----- INFORMATION GIVEN -----

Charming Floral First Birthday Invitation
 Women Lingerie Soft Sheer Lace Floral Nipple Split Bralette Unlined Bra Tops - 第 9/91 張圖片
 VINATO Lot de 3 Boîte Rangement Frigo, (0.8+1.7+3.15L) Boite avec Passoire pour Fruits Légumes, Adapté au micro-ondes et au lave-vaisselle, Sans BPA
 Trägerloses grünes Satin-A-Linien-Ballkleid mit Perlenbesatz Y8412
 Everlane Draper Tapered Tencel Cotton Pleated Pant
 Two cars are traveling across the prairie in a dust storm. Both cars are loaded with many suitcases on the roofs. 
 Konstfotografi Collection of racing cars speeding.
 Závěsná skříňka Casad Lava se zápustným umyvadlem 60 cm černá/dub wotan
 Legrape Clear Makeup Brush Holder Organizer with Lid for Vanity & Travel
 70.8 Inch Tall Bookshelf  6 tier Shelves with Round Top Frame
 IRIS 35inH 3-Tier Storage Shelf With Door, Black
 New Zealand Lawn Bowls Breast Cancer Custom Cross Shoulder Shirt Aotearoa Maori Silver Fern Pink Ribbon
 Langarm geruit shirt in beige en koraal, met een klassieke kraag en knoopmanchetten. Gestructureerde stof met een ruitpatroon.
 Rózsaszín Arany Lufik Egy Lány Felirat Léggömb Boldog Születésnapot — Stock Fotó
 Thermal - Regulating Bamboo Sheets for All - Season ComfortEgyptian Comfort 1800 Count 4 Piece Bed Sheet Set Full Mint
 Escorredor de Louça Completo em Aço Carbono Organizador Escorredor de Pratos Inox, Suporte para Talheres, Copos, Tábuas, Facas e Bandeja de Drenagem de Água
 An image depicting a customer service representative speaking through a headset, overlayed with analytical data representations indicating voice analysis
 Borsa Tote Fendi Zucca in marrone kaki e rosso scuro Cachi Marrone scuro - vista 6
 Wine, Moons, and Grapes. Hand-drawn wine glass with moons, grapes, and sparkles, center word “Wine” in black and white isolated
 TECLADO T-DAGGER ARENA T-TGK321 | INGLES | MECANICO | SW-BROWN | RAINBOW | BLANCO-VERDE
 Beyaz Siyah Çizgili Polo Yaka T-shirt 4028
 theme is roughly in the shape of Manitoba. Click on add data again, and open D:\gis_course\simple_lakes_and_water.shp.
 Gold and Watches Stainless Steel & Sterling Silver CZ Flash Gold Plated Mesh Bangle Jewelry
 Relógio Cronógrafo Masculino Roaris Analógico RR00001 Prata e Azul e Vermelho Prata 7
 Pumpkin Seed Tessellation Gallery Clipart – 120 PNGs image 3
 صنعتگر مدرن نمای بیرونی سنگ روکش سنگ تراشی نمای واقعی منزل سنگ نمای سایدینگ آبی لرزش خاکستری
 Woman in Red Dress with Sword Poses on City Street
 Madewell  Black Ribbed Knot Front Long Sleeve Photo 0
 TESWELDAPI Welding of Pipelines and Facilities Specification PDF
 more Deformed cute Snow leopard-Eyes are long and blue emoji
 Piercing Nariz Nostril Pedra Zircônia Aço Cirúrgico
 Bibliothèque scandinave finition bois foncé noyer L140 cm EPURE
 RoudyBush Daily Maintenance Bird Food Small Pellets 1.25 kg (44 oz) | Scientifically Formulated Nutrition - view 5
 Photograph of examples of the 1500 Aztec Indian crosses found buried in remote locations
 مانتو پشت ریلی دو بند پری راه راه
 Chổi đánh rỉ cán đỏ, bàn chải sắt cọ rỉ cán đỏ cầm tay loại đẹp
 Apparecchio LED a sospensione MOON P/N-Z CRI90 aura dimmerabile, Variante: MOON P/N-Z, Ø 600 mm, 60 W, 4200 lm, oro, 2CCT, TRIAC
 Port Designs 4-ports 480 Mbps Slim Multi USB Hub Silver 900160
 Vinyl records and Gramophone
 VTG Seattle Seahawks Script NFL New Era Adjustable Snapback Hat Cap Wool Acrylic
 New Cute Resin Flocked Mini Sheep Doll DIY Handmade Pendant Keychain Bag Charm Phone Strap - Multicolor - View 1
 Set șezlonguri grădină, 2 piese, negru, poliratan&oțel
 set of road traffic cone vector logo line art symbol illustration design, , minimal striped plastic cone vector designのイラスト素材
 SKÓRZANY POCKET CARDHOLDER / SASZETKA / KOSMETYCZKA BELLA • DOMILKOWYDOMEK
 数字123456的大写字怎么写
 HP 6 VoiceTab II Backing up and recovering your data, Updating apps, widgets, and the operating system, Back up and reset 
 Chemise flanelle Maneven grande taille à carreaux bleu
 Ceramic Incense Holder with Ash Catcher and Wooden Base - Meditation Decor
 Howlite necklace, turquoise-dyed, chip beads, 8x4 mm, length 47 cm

-----

### ASSIGNED TASK
Using the records above, copy word for word the line with "Sleeve Photo 0", the line with "RoudyBush Daily Maintenance", and every line between them.

### ANSWER FOR THIS EXERCISE
 Madewell  Black Ribbed Knot Front Long Sleeve Photo 0
 TESWELDAPI Welding of Pipelines and Facilities Specification PDF
 more Deformed cute Snow leopard-Eyes are long and blue emoji
 Piercing Nariz Nostril Pedra Zircônia Aço Cirúrgico
 Bibliothèque scandinave finition bois foncé noyer L140 cm EPURE
 RoudyBush Daily Maintenance Bird Food Small Pellets 1.25 kg (44 oz) | Scientifically Formulated Nutrition - view 5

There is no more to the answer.